Songlian, instruite, mais pauvre, sera la quatrième épouse de Chen. À son arrivée au domaine, elle lie connaissance avec les autres femmes du maître: Meishan, ancienne chanteuse, qui l'accueille en rivale; Zhuoyun, amicale et bavarde; Yun, la plus âgée, et qui semble gouverner sur ce monde, l'engage à l'obéissance.
Chacune des quatre femmes de Chen habite un gynécée dont la porte ouvre sur une cour; celle-ci, rectangle étroit délimitée par la la pente des toits, semble la métaphore visuelle du sexe de ces femmes. Dès que Chen a choisi celle qui aura le privilège de sa visite, la domesticité illumine le rectangle élu, le balisant de lanternes rouges. Ainsi «allumée», la femme est lavée, massée, parée. Au lit, érigé en théâtre dont la scène baigne dans un halo rouge, elle attend que le maïtre, derrière le rideau de tulle, lui prête vie.
D'abord rétive, Songlian voit l'avantage d'être la favorite de Chen. Pour le demeurer, elle simule une grossesse. Mais Yan'er, sa servante qu'elle rudoie, dénonce le subterfuge à Zhuoyun qui en informe Chen afin de regagner ses faveurs.
Songlian, répudiée, se venge sur Yan'er, dont elle provoque la mort; elle est aussi la cause de l'assassinat de Meishan dont elle a révélé la liaison avec le docteur Gao.

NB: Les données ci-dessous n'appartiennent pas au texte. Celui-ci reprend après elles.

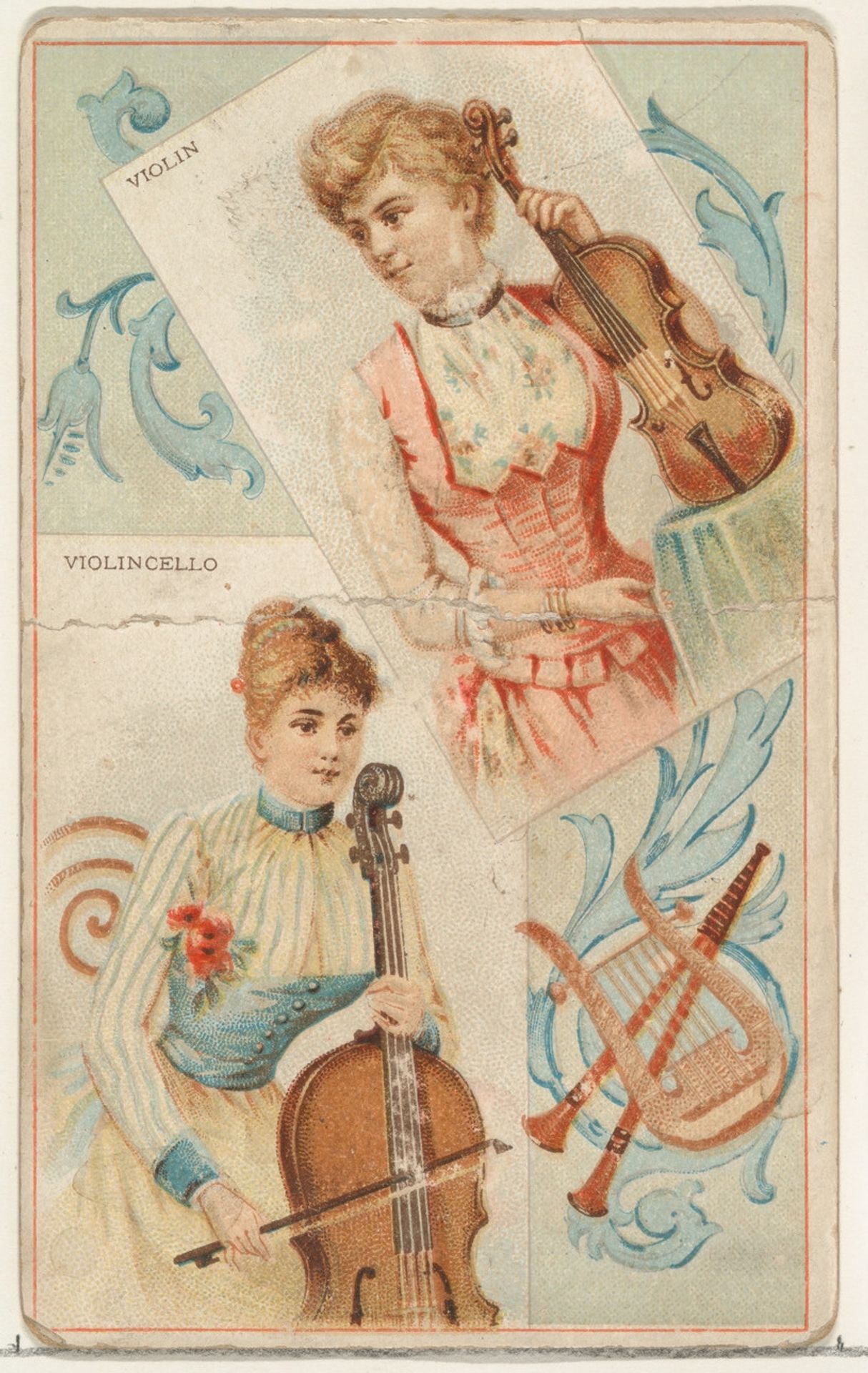 Violin and Violincello, from the Musical Instruments series (N121) issued by Duke Sons & Co. to promote Honest Long Cut Tobacco by W. Duke, Sons & Co.
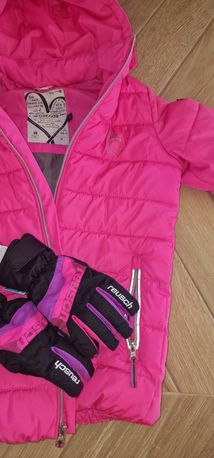 Pink kurtka narciarska McGregor różowa rękawice narciarskie Reusch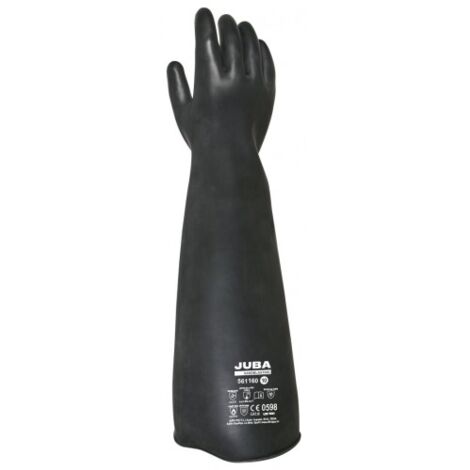 561160/10 GUANTE LATEX SATINADO. EXTRA GRUESO Y EXTRA LARGO. CLORINADO. COLOR NEGRO. EMBOLSADO - JUBA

Songlian perd la raison. Une cinquième épouse la remplace.

À elles seules, les couleurs, la lumière, l'architecture racontent l'intrigue du film et en concrétisent la signification. Le rouge figure le désir, la puissance, le flux vital; ainsi, la troisième épouse, délaissée, revêt une parure écarlate, rappel de sa disponibilité sexuelle. En revanche, la seconde, qui n'obtient les faveurs de Chen qu'au prix de complots, s'habille aux teintes automnales de l'entre-deux-âges. L'aînée des quatre, au crépuscule de son existence, n'apparait plus qu'en bleu.

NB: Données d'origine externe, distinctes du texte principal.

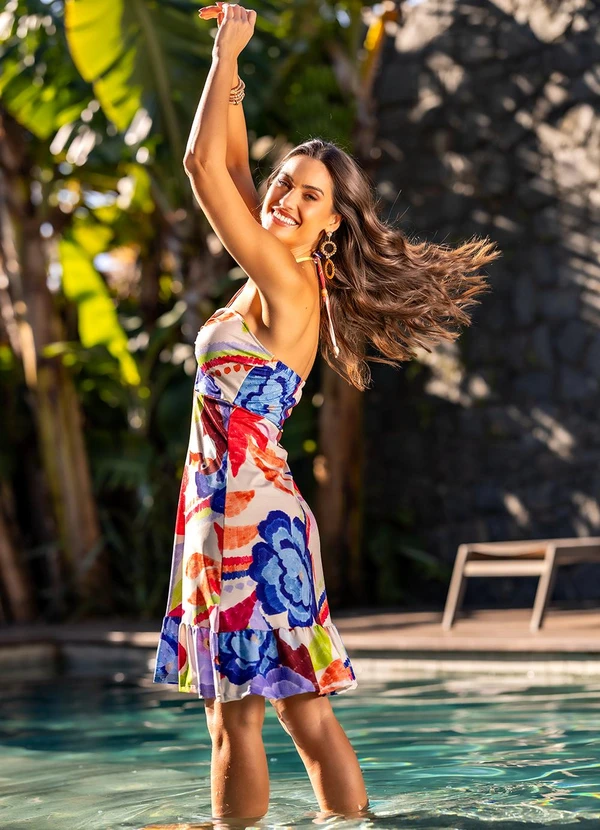 Quintess - Vestido Floral Tropical Tucanos em Malha Fria 2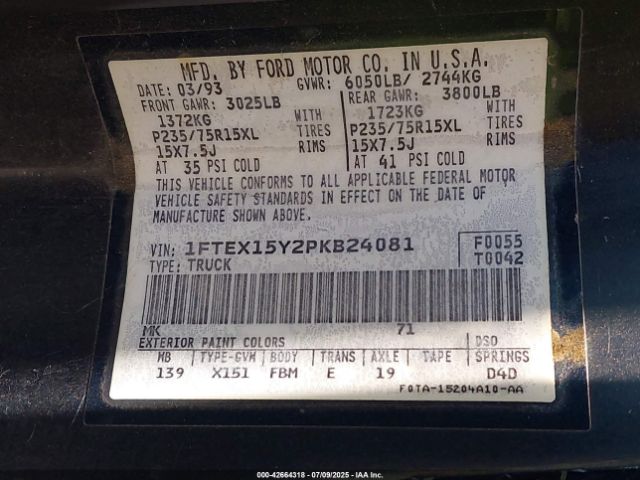 1993 FORD F150 1FTEX15Y2PKB24081 Photo 8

Et lorsque la quatrième épouse, la favorite, croit possible d'inverser à son profit l'exercice du pouvoir, son maitre l'«éteint» en faisant couvrir les lanternes du noir tissu de la mort.

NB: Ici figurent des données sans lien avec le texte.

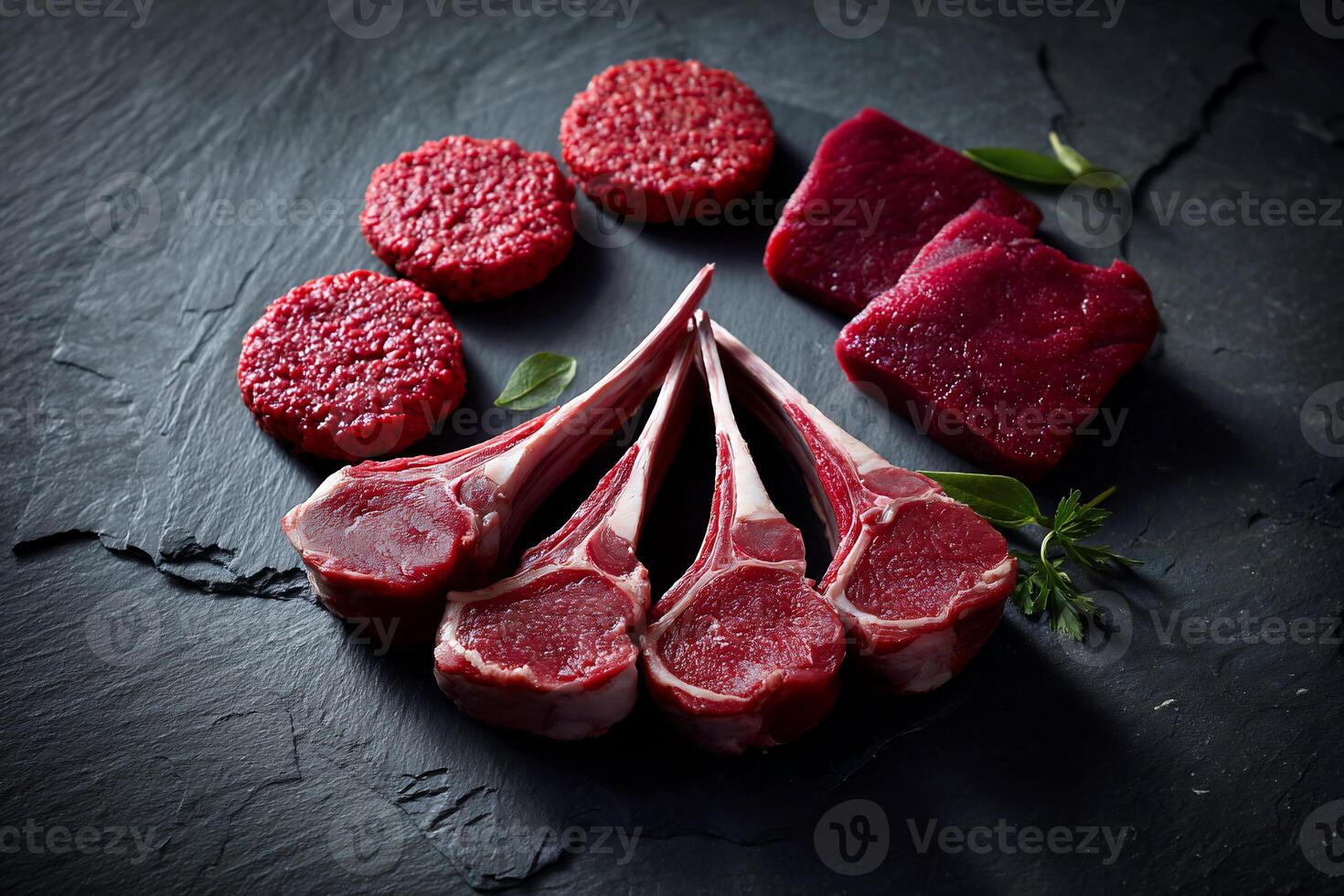 Raw Lamb Chops, Ground Meat Patties, and Steak Cuts on Dark Slate Surface photo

Filmé à distance ou en silhouette, maitre Chen n'a pas de visage. il n'en incarne que mieux ce pouvoir absolu que Zhang Yi-Mou, bravant la censure, avait dénoncé dans son précédent film Ju-Dou (1990).

Zhang Yimou dénonce les rigidités sociales et prend la défense des femmes, principales victimes d’un pouvoir masculin tout puissant. L’ensemble de l’intrigue se déroule exclusivement entre les murs du palais où les épouses, livrées à elles-mêmes, n’ont d’autre occupation que de se livrer une guerre sans merci pour obtenir le seul avantage à leur portée : une nuit avec le maître. L’arrivée de Songlian pourrait faire basculer cet équilibre. Elle est belle, instruite, volontaire. Mais elle se laisse prendre par la toile d’araignée insidieuse des rapports humains : au lieu de faire corps avec les autres épouses, elle essaie de prendre le pouvoir avec les mêmes méthodes que ses adversaires (mensonges, rumeurs, calomnies...). Elle perd. Sa jeunesse et son impétuosité se brisent sur le mur des traditions féodales, son seul exutoire devient la folie.
Zhang Yimou ne se contente pas d’étudier les rapports de sexe. Avec le personnage de Yan’er, la servante de Songlian, il introduit aussi les rapports de classe. Pour avoir rêvé de devenir concubine, Yan’er est durement châtiée : la hiérarchie féodale ne peut être modifiée. Yan’er est le révélateur des intentions du réalisateur : son film est un réquisitoire contre toutes les entraves à la liberté individuelle.

Ce film a reçu le Lion d'argent au festival de Venise, et a ouvert au cinéma chinois la voie royale d'un art sans dogmatisme.